2) Do allergy vaccines contain harmful additives?
This concern stems from real (e.g., allergic reaction to additives) and unfounded (e.g., thimerosal, mercury, and autism) risks related to vaccine ingredients. Clinicians need to be informed of details of vaccine additives and should be able to compare these with common additives used in IT therapeutics. For example, allergy specialists should be prepared to respond to basic questions concerning thimerosal and mercury (e.g., vaccine manufacturers have voluntarily stopped using thimerosal in most vaccine formulations [18, 46]). Another example is that clinicians should offer relevant comparisons such as: allergen vaccines do not contain mercury metal but often have harmless aluminium salts as adjuvants. Lastly, clinicians should know if additive-free versions of allergy vaccines are available in case a patient is adamantly opposed to particular additives.

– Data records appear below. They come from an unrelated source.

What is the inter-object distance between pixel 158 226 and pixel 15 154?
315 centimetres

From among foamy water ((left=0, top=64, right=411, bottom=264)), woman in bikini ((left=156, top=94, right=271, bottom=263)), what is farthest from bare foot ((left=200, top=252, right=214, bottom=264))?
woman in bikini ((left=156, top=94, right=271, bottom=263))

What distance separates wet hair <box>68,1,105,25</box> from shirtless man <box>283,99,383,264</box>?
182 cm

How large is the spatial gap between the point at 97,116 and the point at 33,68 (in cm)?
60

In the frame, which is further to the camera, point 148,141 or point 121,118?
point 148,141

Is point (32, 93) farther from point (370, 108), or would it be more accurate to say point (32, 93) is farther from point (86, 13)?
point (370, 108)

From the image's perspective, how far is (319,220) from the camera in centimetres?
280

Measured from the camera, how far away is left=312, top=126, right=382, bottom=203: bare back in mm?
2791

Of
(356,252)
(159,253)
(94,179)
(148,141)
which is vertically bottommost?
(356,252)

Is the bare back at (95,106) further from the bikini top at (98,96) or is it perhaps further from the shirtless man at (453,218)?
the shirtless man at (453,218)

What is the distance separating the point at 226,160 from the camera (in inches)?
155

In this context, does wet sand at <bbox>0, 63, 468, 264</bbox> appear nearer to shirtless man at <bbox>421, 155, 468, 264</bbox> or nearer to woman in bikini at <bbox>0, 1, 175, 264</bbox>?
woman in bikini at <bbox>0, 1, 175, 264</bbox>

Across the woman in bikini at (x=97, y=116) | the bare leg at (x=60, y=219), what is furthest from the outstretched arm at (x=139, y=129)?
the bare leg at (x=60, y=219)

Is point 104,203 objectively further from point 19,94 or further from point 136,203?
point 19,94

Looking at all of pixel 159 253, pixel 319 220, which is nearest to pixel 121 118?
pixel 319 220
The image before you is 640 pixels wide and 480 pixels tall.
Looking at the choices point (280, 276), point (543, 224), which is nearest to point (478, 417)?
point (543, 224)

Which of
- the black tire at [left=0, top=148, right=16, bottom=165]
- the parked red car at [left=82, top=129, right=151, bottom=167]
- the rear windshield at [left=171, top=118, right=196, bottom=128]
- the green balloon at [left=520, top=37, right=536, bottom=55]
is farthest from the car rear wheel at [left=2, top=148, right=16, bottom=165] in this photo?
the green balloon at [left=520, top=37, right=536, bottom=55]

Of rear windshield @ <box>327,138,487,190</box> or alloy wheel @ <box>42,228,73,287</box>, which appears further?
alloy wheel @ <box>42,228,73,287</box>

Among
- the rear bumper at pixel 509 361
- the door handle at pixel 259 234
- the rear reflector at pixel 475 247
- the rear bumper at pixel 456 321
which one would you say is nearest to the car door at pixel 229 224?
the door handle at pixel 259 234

Of additional importance, clinicians should be able to provide a basic level of information that will dispel common misconceptions linking vaccine additives and serious illness, as well as noting the true frequency at which side effects, like allergic reactions, occur. However, vaccine-risks are not equivalent to allergen-vaccine-risks and this should be clearly explained. For example, vaccine-related allergic reactions are unexpected, uncommon, and most often due to additives or trace contaminants; IT-related allergic responses are expected, caused by the active ingredients, are an unavoidable aspect of the therapy, and treatments are medically supervised in order to minimize the risk of serious harm.

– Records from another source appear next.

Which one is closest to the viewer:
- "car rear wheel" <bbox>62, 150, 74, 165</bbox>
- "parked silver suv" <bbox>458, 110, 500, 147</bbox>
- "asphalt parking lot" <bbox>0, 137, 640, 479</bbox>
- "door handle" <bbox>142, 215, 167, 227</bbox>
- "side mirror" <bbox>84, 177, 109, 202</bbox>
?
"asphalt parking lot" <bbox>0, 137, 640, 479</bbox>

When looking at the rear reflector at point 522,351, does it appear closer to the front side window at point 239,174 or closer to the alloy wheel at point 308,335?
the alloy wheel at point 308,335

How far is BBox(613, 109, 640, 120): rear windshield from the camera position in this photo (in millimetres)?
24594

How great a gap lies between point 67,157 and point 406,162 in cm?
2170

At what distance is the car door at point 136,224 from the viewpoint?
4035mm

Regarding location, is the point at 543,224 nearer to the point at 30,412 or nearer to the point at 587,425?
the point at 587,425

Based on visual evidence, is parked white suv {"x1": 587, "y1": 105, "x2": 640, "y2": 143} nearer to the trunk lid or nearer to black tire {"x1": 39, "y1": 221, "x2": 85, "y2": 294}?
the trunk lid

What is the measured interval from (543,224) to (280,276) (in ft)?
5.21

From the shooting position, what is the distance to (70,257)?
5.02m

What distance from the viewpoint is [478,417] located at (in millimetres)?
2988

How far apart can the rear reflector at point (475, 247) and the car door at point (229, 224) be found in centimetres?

3) Is this therapy unnecessary and a method for pharmaceutical companies to make money?
This question represents one of many popular conspiracy theories purported by vaccine opponents. In general, the efficacy and utility of vaccines are claimed to be false and correspondingly, there are ulterior motives underlying the administration of vaccines, which in this case relates to profiteering. Thus, allergy specialists should be prepared for outlandish conspiracies and not simply 'laugh-off' these irrational theories, but rather counter them with rational arguments. In relation to the above example, clinicians should note that IT aims to induce long-term tolerance and can reduce the need for consistent administration of costly allergy drugs that only transiently reduce symptoms (for instance, a recent study  demonstrated that immunotherapy-treated patients had significantly lower 18-month median per-patient total health care costs ($3,247 versus $4,872)). This medical goal runs counter to efforts to generate profits through consistent drug consumption. The same argument applies to vaccination, being a cost-effective means to reduce health care expenditures that would otherwise be needed to treat infectious disease.

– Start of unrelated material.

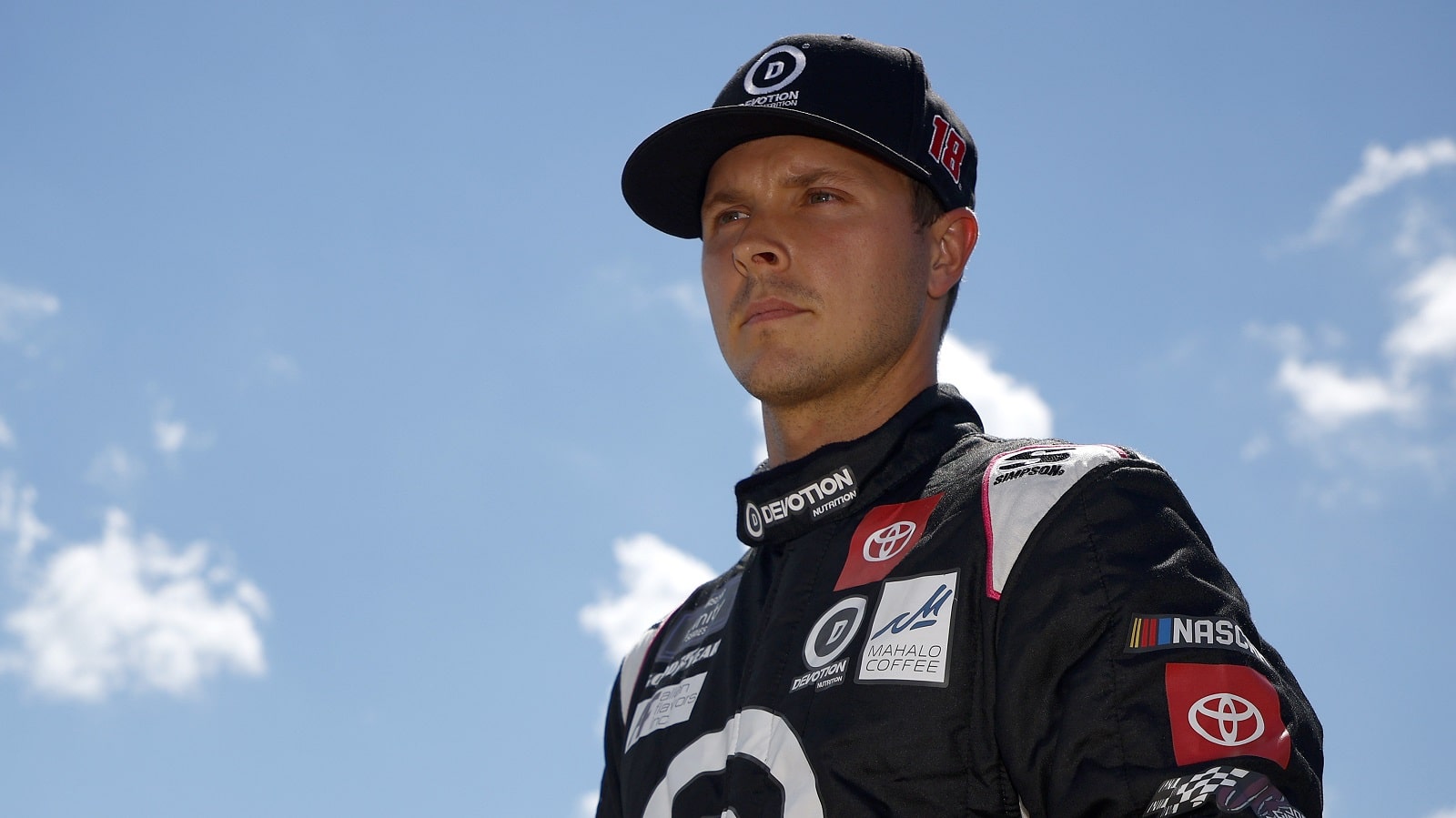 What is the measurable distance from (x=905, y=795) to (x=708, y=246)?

4) Will this treatment 'overload' my immune system?
Common criticisms of vaccination are that it is unnatural, and multiple vaccinations in particular are claimed to produce immune dysfunction. The unfounded concern that multiple vaccinations can 'overload' the immune system is particularly pertinent to IT. Unlike vaccination, which typically requires one or few injections, IT necessitates several injections over the course of months or years. The appearance of overloading the body with allergen-vaccines will likely seem even more pronounced with this treatment relative to common vaccination programs; this issue merits particular attention. Clinicians should thus be prepared for patient concerns of 'overloading the immune system' and be able to respond to such fears. One strategy to attend to this concern is for a clinician to rehearse means to communicate with the patient as to why multiple injections are needed as a means to induce tolerance. Certain IT treatments require fewer injections, like rush-immunotherapy , and clinicians should be prepared to recommend these alternatives to patients fearing multiple injections (if the therapy is available). Lastly, clinicians should be prepared to respond to these concerns with rational arguments, such as by informing the patient that our immune systems are bombarded daily with numerous, naturally occurring pathogens (moulds, bacteria, viruses). These daily immune responses do not 'overload' one's immune system, therefore why should the occasional IT injection do so?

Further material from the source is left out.